ABRI Commander Gen. Wiranto appeared relieved by the decision.
"It (the new seat allocation) is a drastic cut," he told journalists after the lobbying session.
Wiranto, who is also the minister of defense and security, said 38 was the minimum number of seats with which the military felt it needed to function effectively in the legislature.
Wednesday's agreement demonstrated the military's strong political clout in the country's politics. One day earlier, ABRI's Chief of Territorial Affairs Lt. Gen. Susilo Bambang Yudhoyono went on the record to say that 38 was the minimum number of seats the military required.
The military also agreed to accept a sharp cut in the number of seats it is awarded in the country's provincial and regency level legislatures to 10 percent of the seats in each assembly.

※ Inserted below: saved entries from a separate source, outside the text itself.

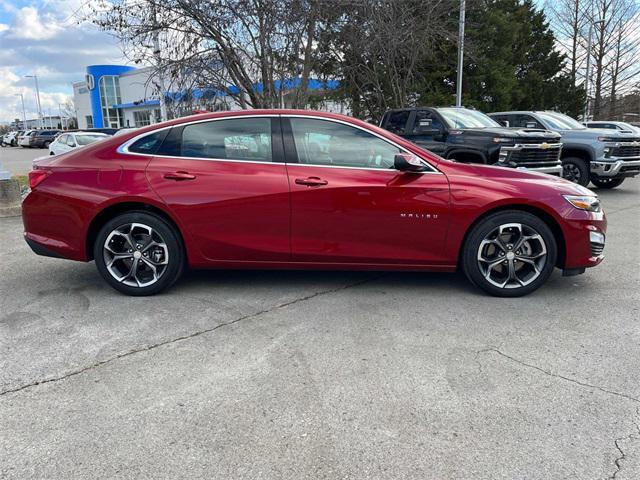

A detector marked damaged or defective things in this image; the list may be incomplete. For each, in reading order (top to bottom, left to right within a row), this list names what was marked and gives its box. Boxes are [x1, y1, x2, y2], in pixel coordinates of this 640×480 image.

cracked asphalt [1, 181, 640, 480]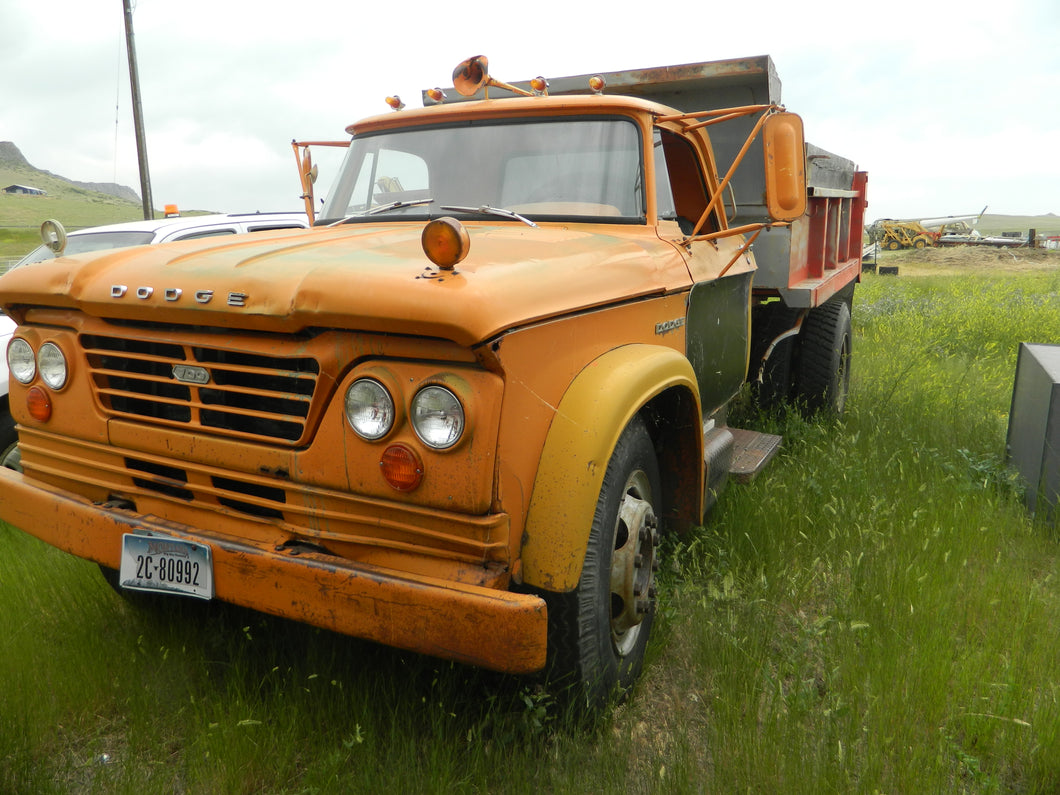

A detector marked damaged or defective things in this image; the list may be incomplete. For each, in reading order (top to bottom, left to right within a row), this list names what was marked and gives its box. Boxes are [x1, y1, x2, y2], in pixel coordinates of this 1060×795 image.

dented hood [0, 224, 686, 347]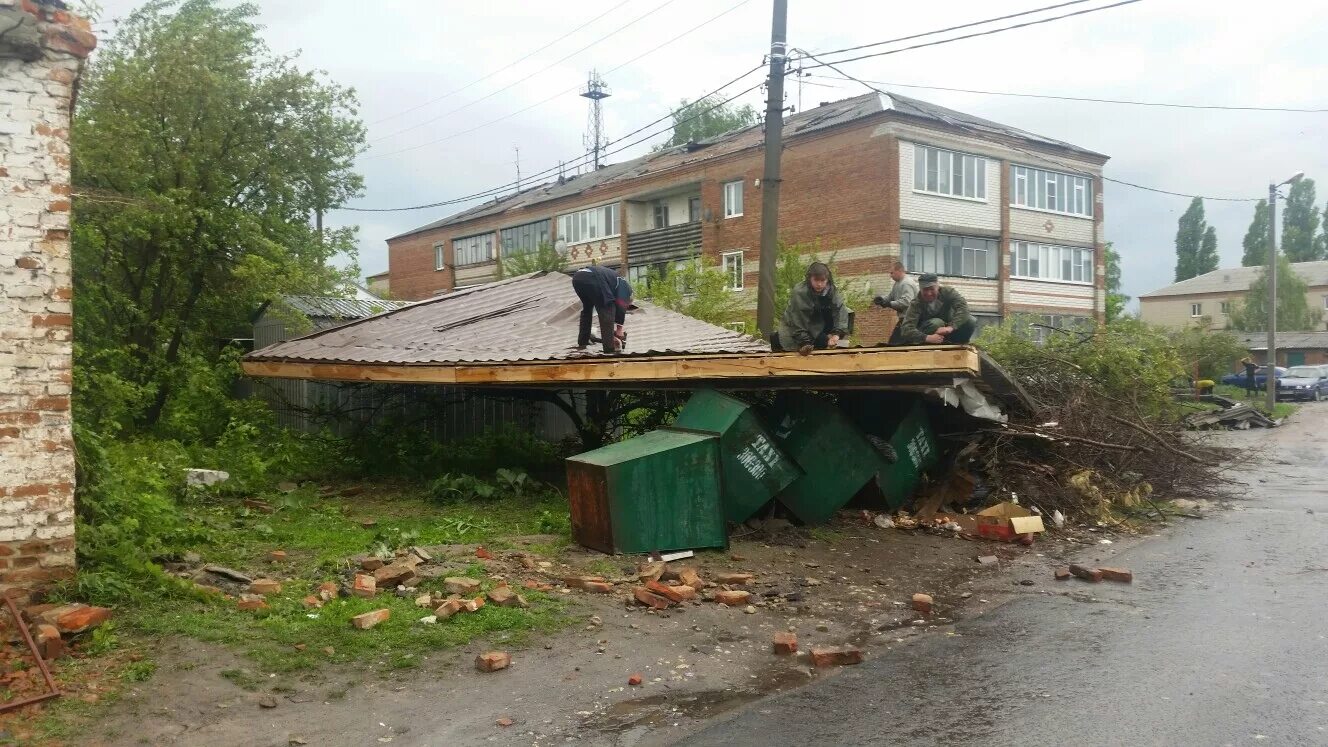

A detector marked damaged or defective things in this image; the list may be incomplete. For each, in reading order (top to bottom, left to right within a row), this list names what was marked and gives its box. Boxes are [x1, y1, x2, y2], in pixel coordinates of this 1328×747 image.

broken brick [249, 576, 282, 592]
broken brick [350, 571, 377, 595]
broken brick [446, 576, 483, 592]
broken brick [1062, 563, 1104, 582]
broken brick [1099, 563, 1131, 582]
broken brick [632, 584, 674, 608]
broken brick [717, 587, 748, 606]
broken brick [913, 590, 934, 614]
broken brick [347, 606, 387, 627]
broken brick [770, 627, 796, 651]
broken brick [475, 648, 509, 672]
broken brick [807, 643, 860, 664]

Minister of Home Affairs Syarwan Hamid, his secretary-general Feisal Tamin, government expert, Ryaas Rasyid, who is also director general for regional autonomy, PPP Chairman Hamzah Haz, Golkar executives Slamet Effendy Yusuf and Aminullah Ibrahim, and the ABRI House faction leaders Hari Sabarno, Achmad Rustandi and Budi Harsono also attended Wednesday's lobbying session, which was a continuation of a marathon session which ran from Tuesday into the early hours of Wednesday morning.
The PDI was represented by Secretary-General Buttu Hutapea and Y.B. Wiyanjono. House Special Committee chairman Abu Hasan Sazili was also present.

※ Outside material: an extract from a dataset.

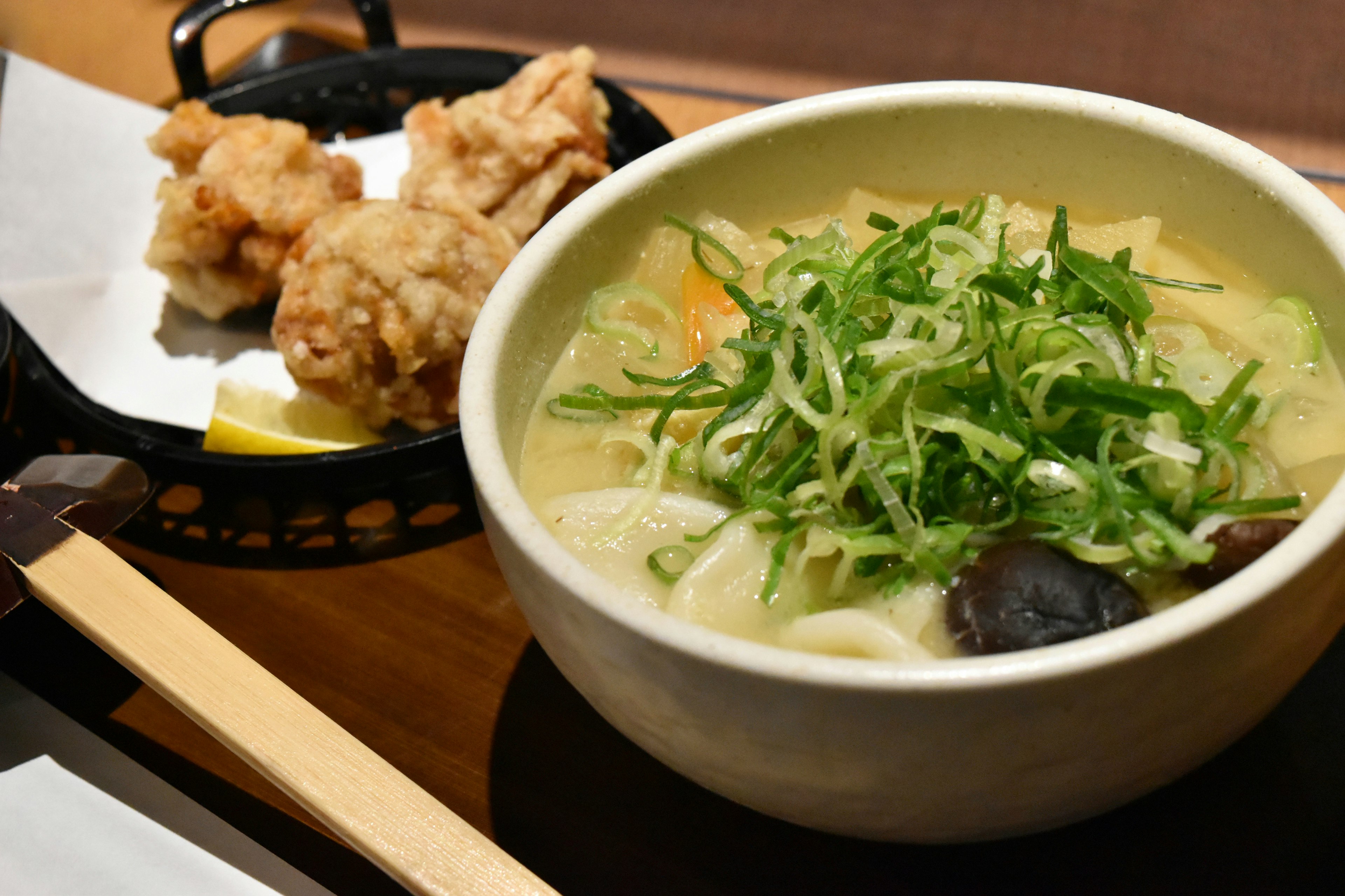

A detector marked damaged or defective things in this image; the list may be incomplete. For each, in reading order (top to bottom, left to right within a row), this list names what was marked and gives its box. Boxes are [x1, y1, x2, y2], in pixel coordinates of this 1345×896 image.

torn paper chopstick wrapper [0, 51, 406, 430]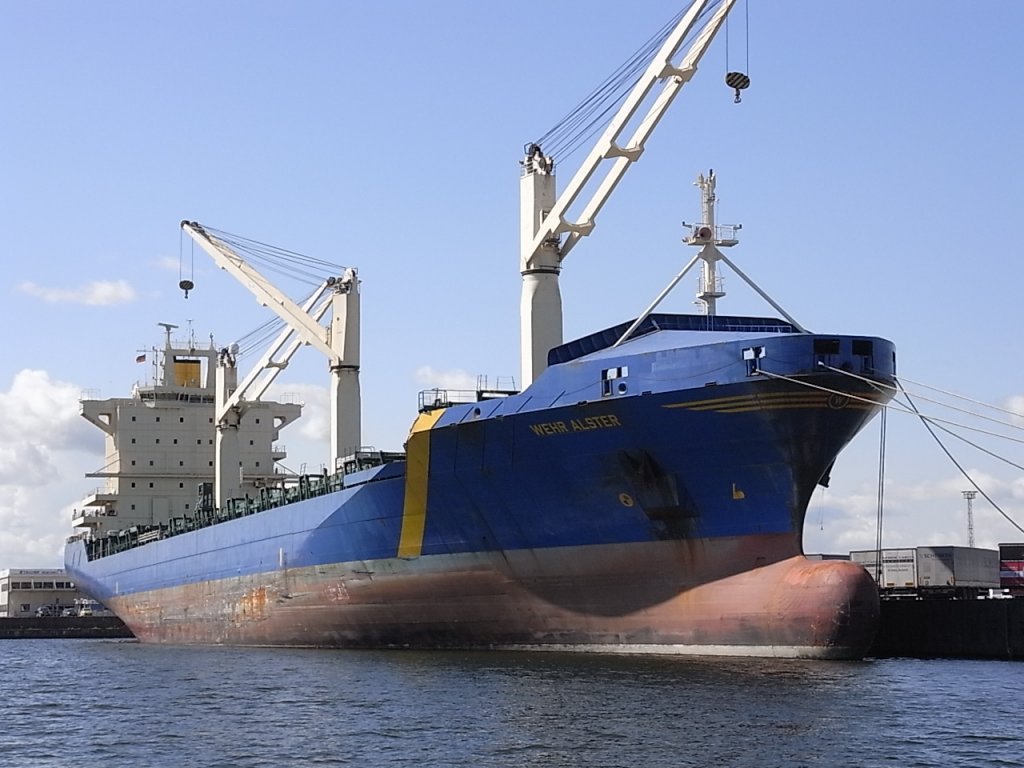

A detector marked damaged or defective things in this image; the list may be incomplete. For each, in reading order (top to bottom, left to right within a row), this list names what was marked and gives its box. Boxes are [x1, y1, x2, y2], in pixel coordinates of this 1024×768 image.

Legislators agreed at a later session of the special committee to work overtime on Wednesday to make the Jan. 28 deadline, the time it had been allotted to endorse the political bills.
Electoral district
Commenting on the consensus that the polling and ballot counting would be conducted at the provincial level, PPP faction chairman Zarkasih and Wiyanjono of the PDI -- who's parties both fought for that system -- said they were satisfied.
The outcome is unlike the proportional representation voting system proposed by Golkar, whereby the voting was to be conducted at the regency level, but the agreement was sort of a combination of the two systems, as Wiyanjono described it.
"District aspirations" were addressed in the agreed voting system, he said.
Unlike the present voting system in which a political party's central board in Jakarta has the ultimate power to determine its legislative candidates, the new laws will require candidates to be endorsed by the party at regency level.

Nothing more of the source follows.